Des salles de cinéma devenues lieux de location, puis temples pour églises charismatiques. Du plein essor à la fermeture, Jean-Jacques Rakotondralay y a passé des décennies. Aujourd’hui bureaucrate, le sexagénaire revient sur la grande passion de sa vie et ses années dans les salles de projection d’Antananarivo. Et… coupé !
Cinéphile invétéré, grand fan de Jim Kelly, Jean-Jacques est tombé dans le cinéma comme Obélix dans la potion magique. Son père, contrôleur puis caissier dans une salle de la capitale, l’y a initié très jeune. « En 1978, j’avais 18 ans. Je sillonnais les salles de Tana : Soa à Behoririka, l’immeuble Luxor d’aujourd’hui, Ako, Ritz, Roxy et Rex Analakely.
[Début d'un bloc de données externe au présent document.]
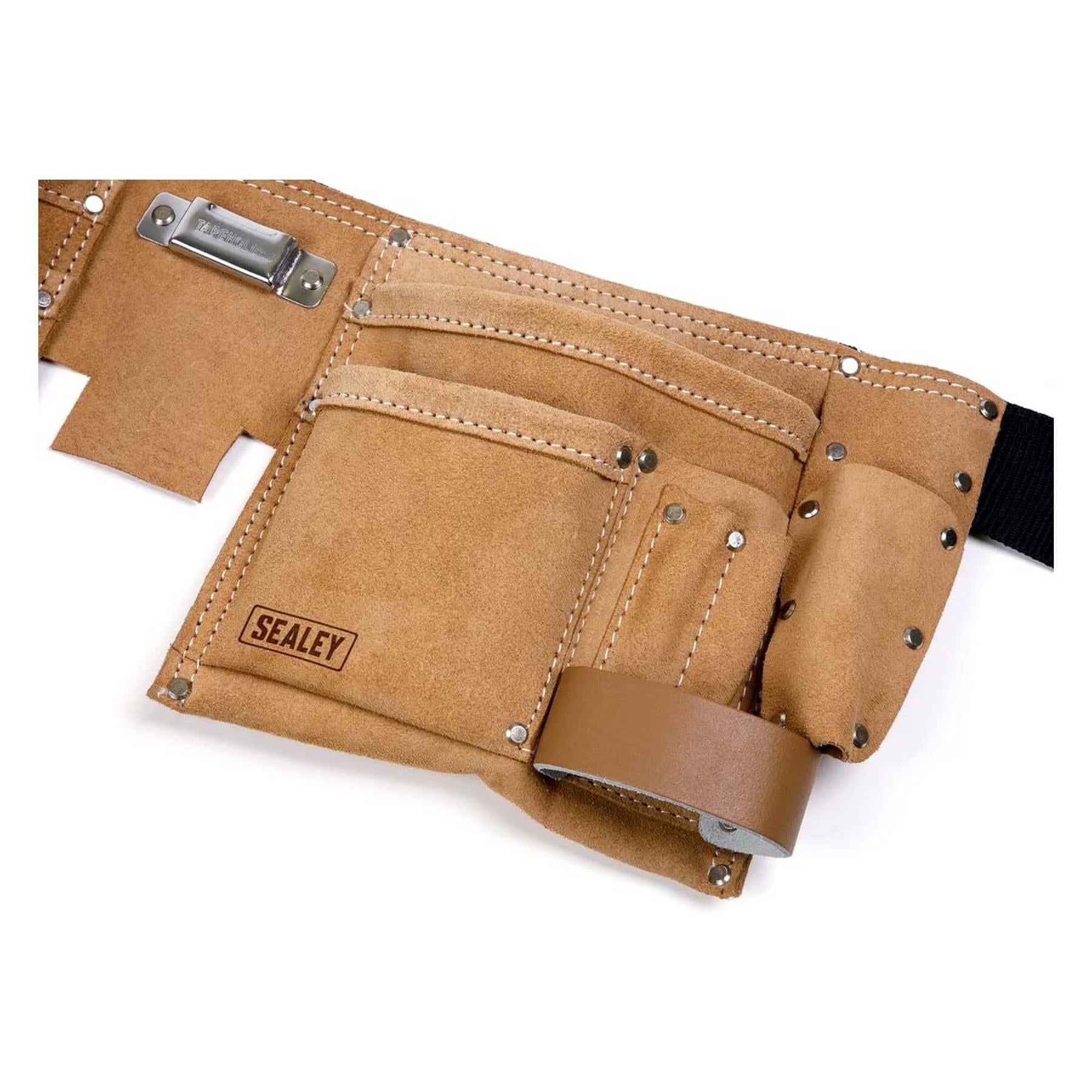 Sealey Double Pouch Leather Tool Belt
Huit Ariary devant, douze au milieu et vingt au balcon », raconte-t-il, les yeux brillants.
Plus tard, il reprend le métier paternel et transforme sa passion en gagne-pain, témoin direct de l’âge d’or des salles. « Les queues n’en finissaient pas. Des îles voisines et des petites salles venaient chercher leurs films chez nous », raconte-t-il, nostalgique. Le cinéma ouvrait alors Madagascar au monde : westerns, espions, drames, et ces fameuses courses entre projectionnistes pour changer de bobines à la volée.
Puis arrive 1985. L’État réquisitionne les salles. Le directeur général du Consortium cinématographique est expulsé. « On diffusait des films moins attirants, plus propagandistes », soupire Jean-Jacques. Les films diffusés avaient perdu de leur qualité et de leur exclusivité. Peu à peu, les salles se dégradent, ferment. En 1996, le rideau tombe définitivement. « Quand je passe devant ces bâtiments grillagés, j’ai un pincement au cœur. J’y ai laissé une grande partie de ma vie », confie-t-il.
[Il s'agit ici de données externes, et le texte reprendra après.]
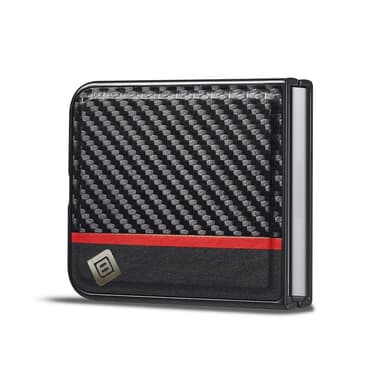 SKALO Samsung Z Flip6 LC.IMEEKE Carbon Fiber PU Leather Cover - Sort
À la nostalgie des vakodrazana avant projection succède l’amertume. Les cinés deviennent des « balle de ping-pong » entre dirigeants successifs. Les films perdent qualité et exclusivité. Jean-Jacques regrette aussi l’époque des visas stricts (A, B, C) et des contrôles rigoureux. « Le cinéma devait éduquer. La police des mœurs passait, et gare aux infractions ! » Aujourd’hui, la prolifération des « ciné-gargotes » – maisons transformées en salles avec TV et cassettes pour 50 Ariary – le désole. Depuis 2007, les anciennes salles du Consortium (Tana, Antsiranana, Toamasina…) appartiennent à une société privée, louées pour spectacles et cultes. Jean-Jacques, lui, s’est adapté au streaming… sans oublier ce passé vibrant. Les projecteurs sont éteints, mais les souvenirs restent allumés.